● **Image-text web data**
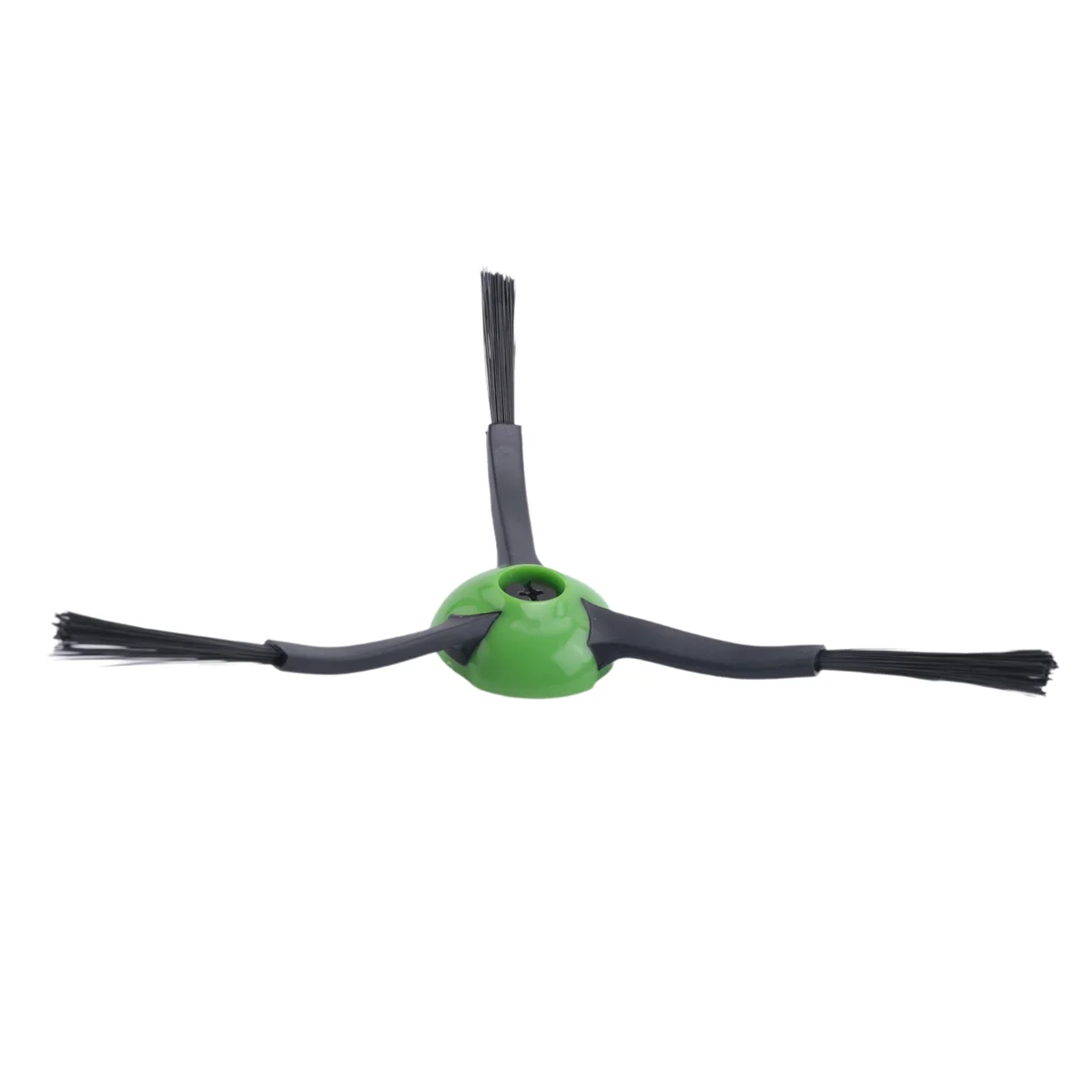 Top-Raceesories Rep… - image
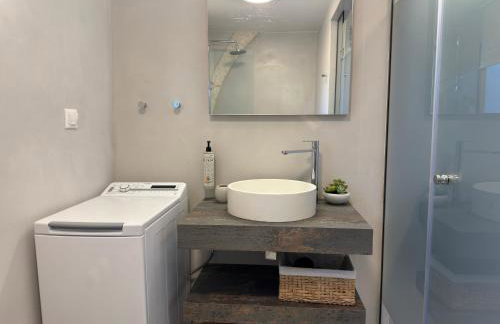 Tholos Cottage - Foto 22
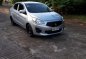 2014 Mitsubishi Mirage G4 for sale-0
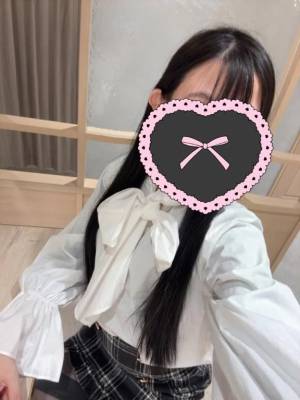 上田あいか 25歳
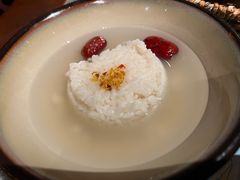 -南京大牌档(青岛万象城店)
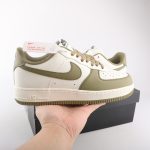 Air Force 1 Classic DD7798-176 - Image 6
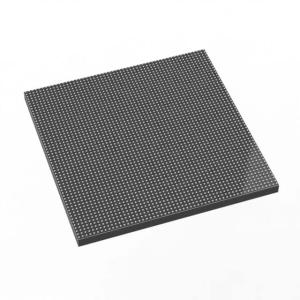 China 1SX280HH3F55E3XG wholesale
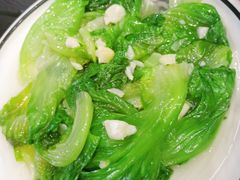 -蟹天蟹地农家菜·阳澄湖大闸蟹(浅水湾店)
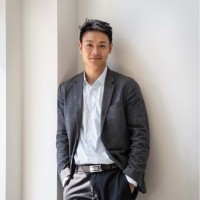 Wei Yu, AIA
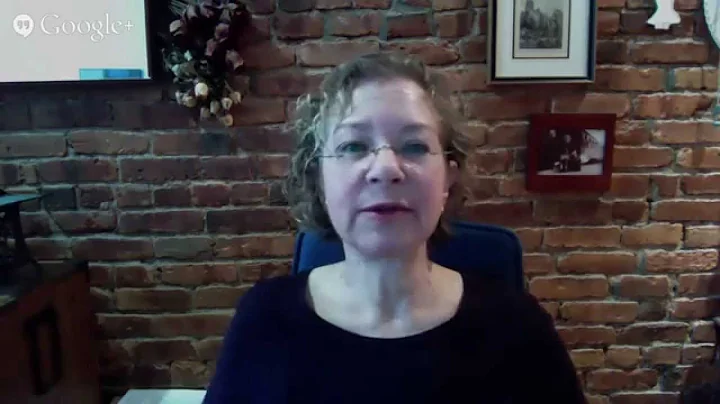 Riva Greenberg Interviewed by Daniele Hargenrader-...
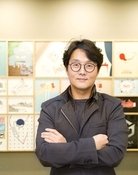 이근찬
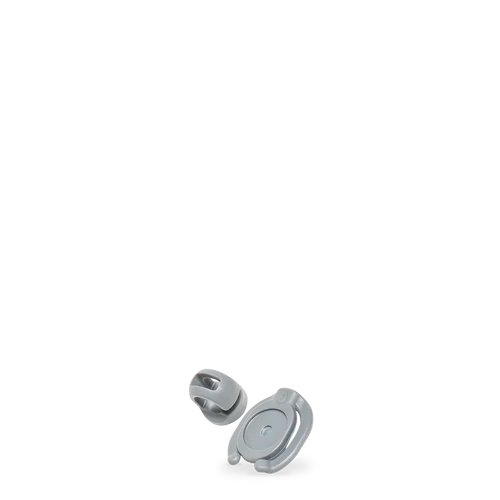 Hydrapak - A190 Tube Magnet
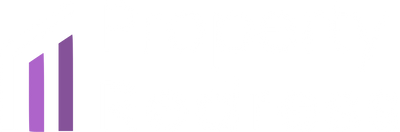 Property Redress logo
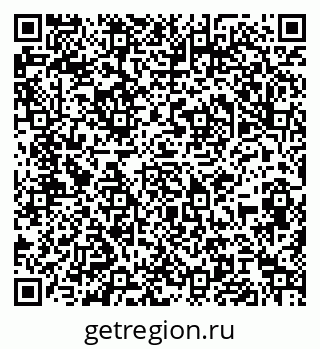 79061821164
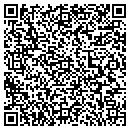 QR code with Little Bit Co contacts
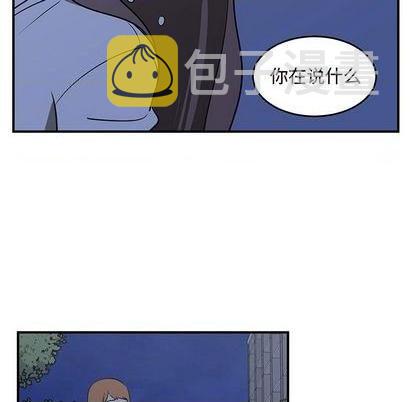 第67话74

● **Prompt**
Could you return each line, unchanged, from the line containing "Wei Yu, AIA" through the last line of the entries above, leaving out the pictures?

● **The answer**
 Wei Yu, AIA
 Riva Greenberg Interviewed by Daniele Hargenrader-...
 이근찬
 Hydrapak - A190 Tube Magnet
 Property Redress logo
 79061821164
 QR code with Little Bit Co contacts
 第67话74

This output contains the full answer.